Top of RECORDS FOR PROCESSING

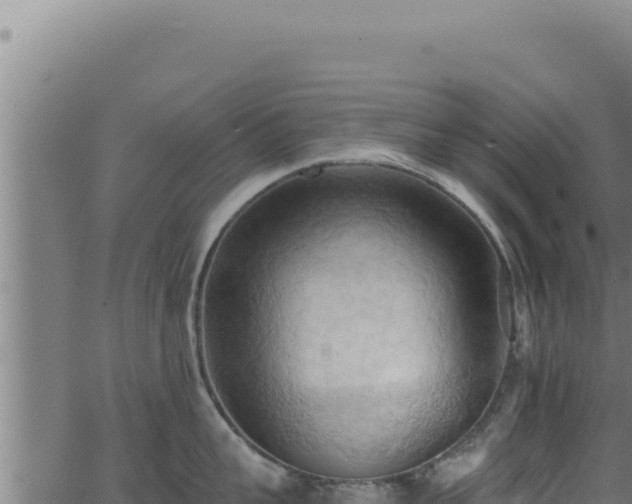 X0000062890959200601171510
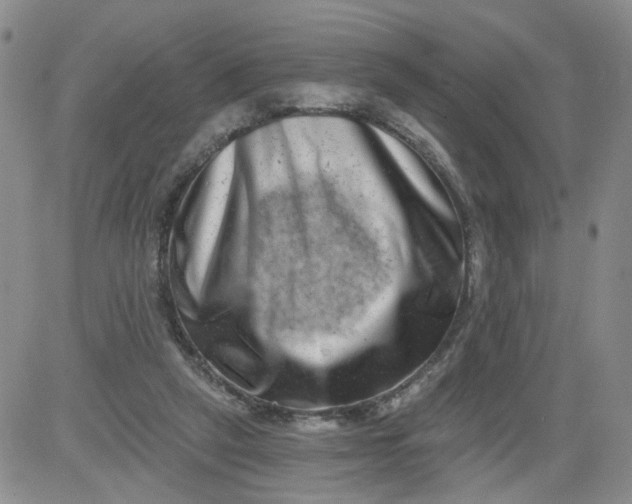 X0000084040257200703022156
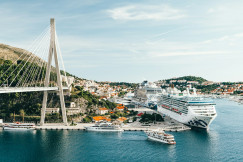 The photo presents cruise ships docked in a harbour beside a cable-stayed bridge and hillside buildings.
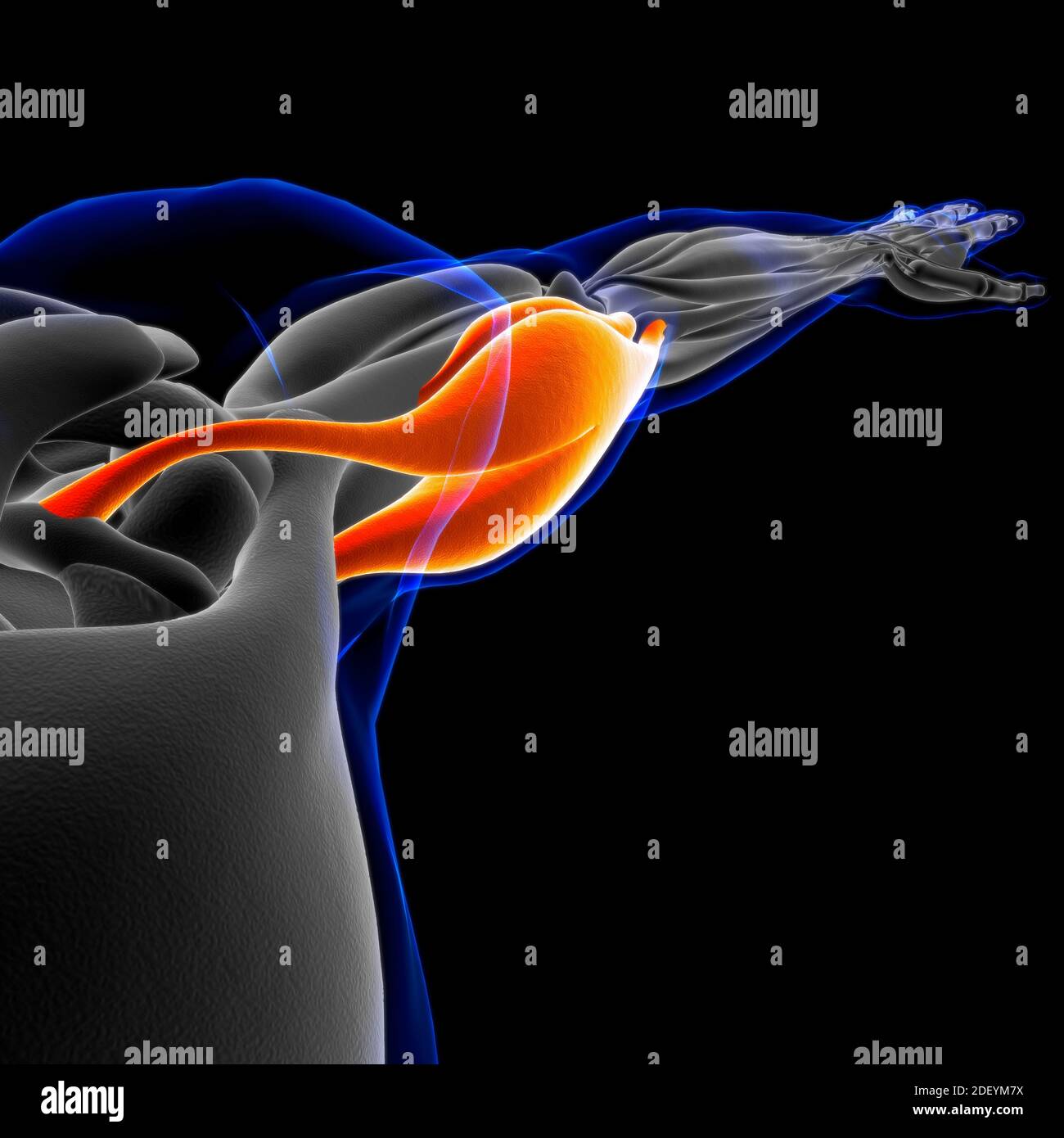 Le muscle est un tissu mou, les cellules musculaires contiennent des protéines , produisant une contraction qui modifie à la fois la longueur et la forme de la cellule. Muscles fonct Banque D'Images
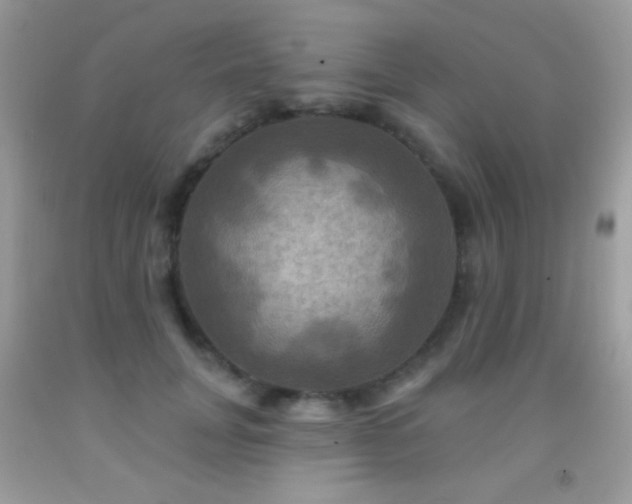 X0000091910751200709051418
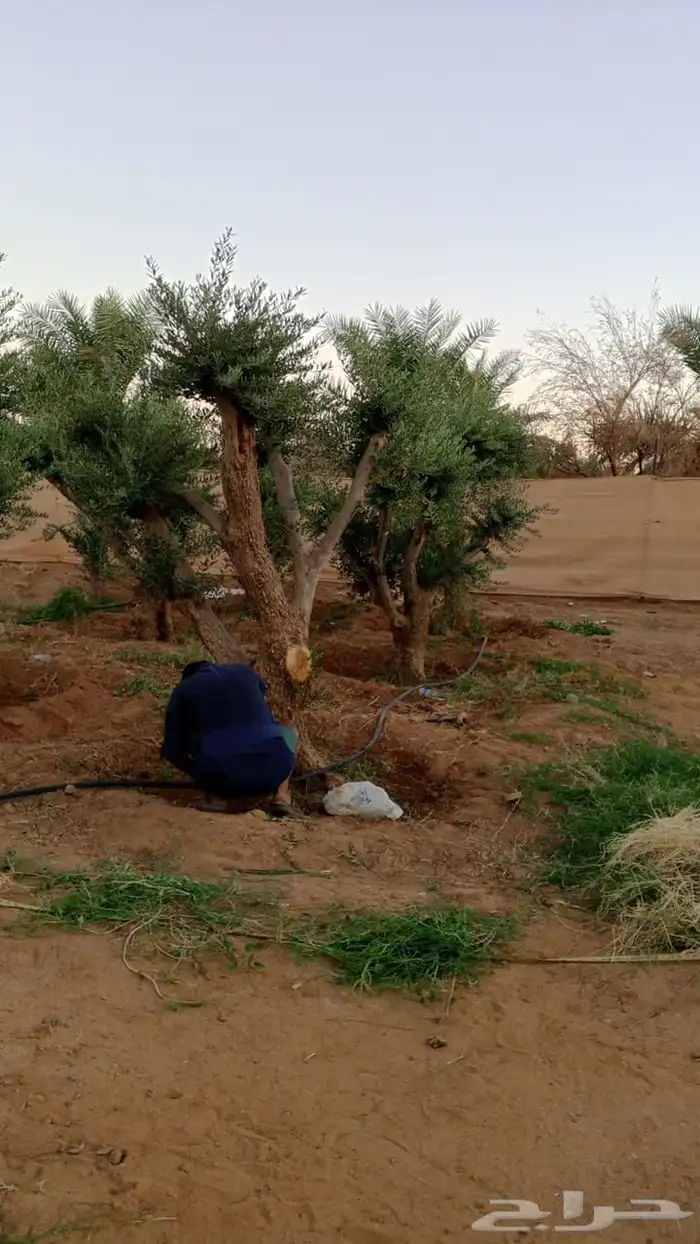 اشجار زيتون معمر نابلسي 21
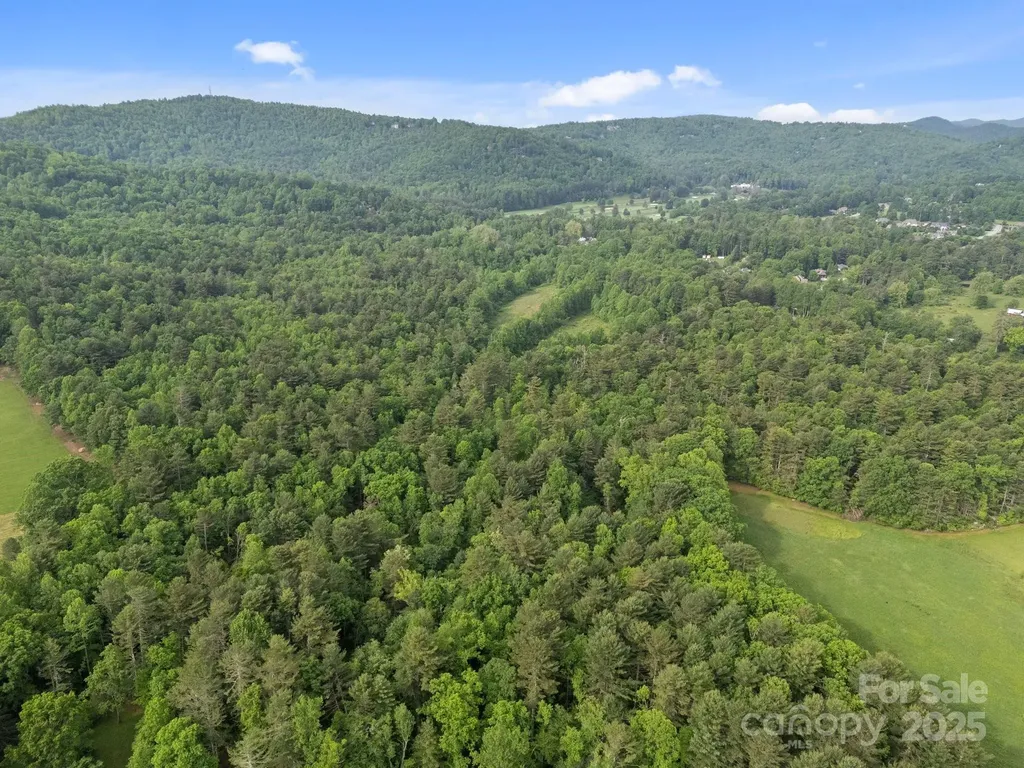000 Red Fox Lane Flat Rock NC 28731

Bottom of RECORDS FOR PROCESSING

**PROBLEM:**
Each line of the records above must be repeated exactly, but no picture belongs in the copy.

**TASK ANSWER:**
 X0000062890959200601171510
 X0000084040257200703022156
 The photo presents cruise ships docked in a harbour beside a cable-stayed bridge and hillside buildings.
 Le muscle est un tissu mou, les cellules musculaires contiennent des protéines , produisant une contraction qui modifie à la fois la longueur et la forme de la cellule. Muscles fonct Banque D'Images
 X0000091910751200709051418
 اشجار زيتون معمر نابلسي 21
000 Red Fox Lane Flat Rock NC 28731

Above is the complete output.